Critique littéraire de Les bateaux sombrent-ils en silence

Une critique littéraire de Les bateaux sombrent-ils en silence?, de Timba Bema, est parue sur le site Afrolivresque. Je me fais une joie de la reproduire ici. Dans l'article original, vous trouverez une remarquable lecture-performance d'extraits de cet ouvrage par son auteur par la Radio-Télévision Suisse




« Les bateaux sombrent-ils en silence ? »
Une variation poétique de Timba Bema

Les bateaux sombrent-ils en silence ? est dédié à Joséphine, de son vrai nom, Josepha, repêchée au large de la Lybie. Cette femme dont la photographie a fait le tour des réseaux sociaux, décida de quitter le Cameroun, pays de Timba Bema, en montant sur un bateau pour l’Europe. À ce jour, le conflit séparatiste qui éclate en octobre 2016 dans les régions anglophones du Nord-Ouest et du Sud-Ouest du Cameroun est loin d’une résolution. Les séparatistes, les « amba Boys », réclament l’indépendance et la proclamation d’un nouvel état, l’Ambazonie. Le gouvernement refuse, réprime les manifestations pacifiques et depuis fin 2017, le Cameroun est en situation de guerre civile.
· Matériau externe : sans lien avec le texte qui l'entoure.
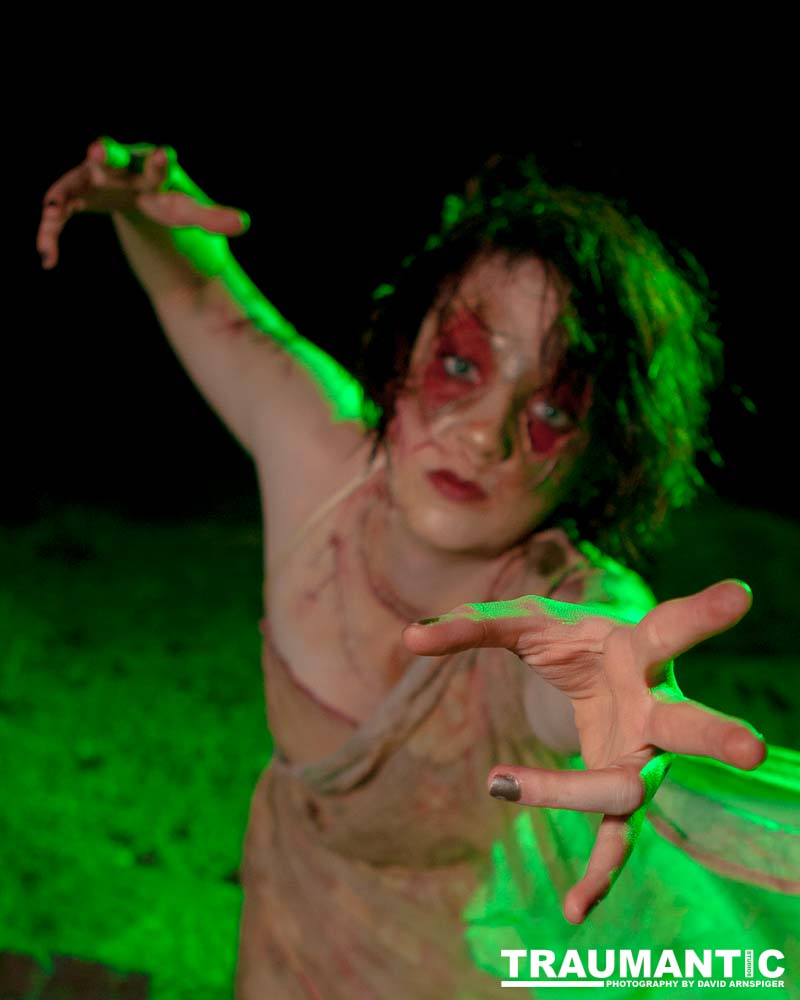 Rebecca had an idea for a Silent Hill inspired character.  I was playing with some lighting techniques, so we got together and shot out on Black Mountain in Henderson.  We got these cool shots.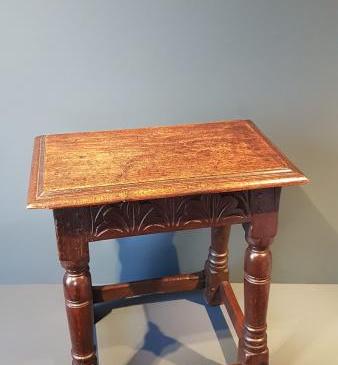 George I Oak Joint Stool 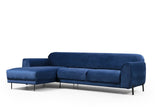 Ecksofa mit Schlaffunktion Linkes Bild Marineblau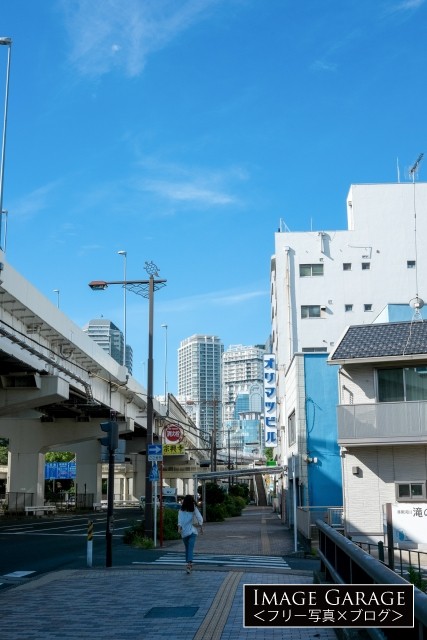 横浜市神奈川区青木町の町並みのフリー画像（無料写真素材）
Silencieux, les yeux de Joséphine ne le sont pas. Figés dans son corps de survivante, ils questionnent, où me suis-je laissée ? De quelles intentions étaient empreintes les mains dans lesquelles j’ai confié mon destin ? Josepha a vu la mort !

Trempe
D’abord
Ton pied gauche dans l’eau
Avant de te hisser sur ton bateau

Gauche. L’endroit du cœur. L’organe qui guide les choix des hommes. À quel rythme bat le cœur du capitaine et de son équipage ? De quelle couleur est la conscience des bateaux explorateurs des surfaces liquides ? Ils transportent, contre monnaie sonnante et trébuchante, des corps et des cœurs remplis d’espérance, qui implorent la justice humaine de leur rendre liberté et dignité, de leur permettre de créer une existence à l’image de leurs rêves et de nourrir leurs esprits des mots des poètes. Alors, ces hommes et ces femmes embarquent dans des bateaux imprégnés des souffrances d’antan, remettent leurs destins ignorés entre les mains des Dieux des océans, ceux des légendes Duala. Ces hommes et ces femmes quittent leur terre dans l’indifférence des 4×4 du pouvoir dont les fenêtres opaques s’obstinent à rester closes.

Elle rêvait
Elle rêvait
De bateaux de ports et de marins
Comme on rêve d’enfants de bijoux et de
jasmins

Nous, les peuples de l’autre côté des étendues liquides, avons-nous entendu le regard de Joséphine ? Avons-nous ouvert la portière et posé nos pieds sur sa terre rouge ? Avons-nous seulement tenté d’imaginer ce qu’est une existence dénuée de rêves ? Une existence où chaque jour il faut trouver dans ses veines l’élan vital pour croire encore à demain. A votre avis, comment exister lorsque l’on est dépossédé de ses droits les plus fondamentaux ? Cet ouvrage explore l’histoire des bateaux et des hommes, d’une puissante intensité il propose au lecteur de monter à bord, de tenir la main de ces êtres humains qui ont vu dans la promesse des Dieux, leur ultime recours. Chaque quatrain nous entraîne au sein des remous de l’océan, sous les tempêtes du ciel et de son soleil lancinant. La peur au ventre des passagers devient nôtre. Sans pathos,Timba Bema offre la poésie pour s’approprier la tragédie qui se joue sur les océans en plein 21ème siècle, ses vers nous plongent au fond de notre océan intime pour renouer avec notre nature humaine et reconnaître que l’autre, celui que l’on nomme migrant, est un frère humain. Alors, peut-être, verrons-nous surgir

Sur le pont du bateau
En train de sombrer, sans une parole, une
larme
Un accordéoniste, chétif, jouait une
rumba
Qui était cette femme au regard lucide
Assise à ses côtés ?

Cette variation poétique m’a happée du premier vers au dernier. Un ouvrage indispensable pour porter un autre regard sur la crise migratoire.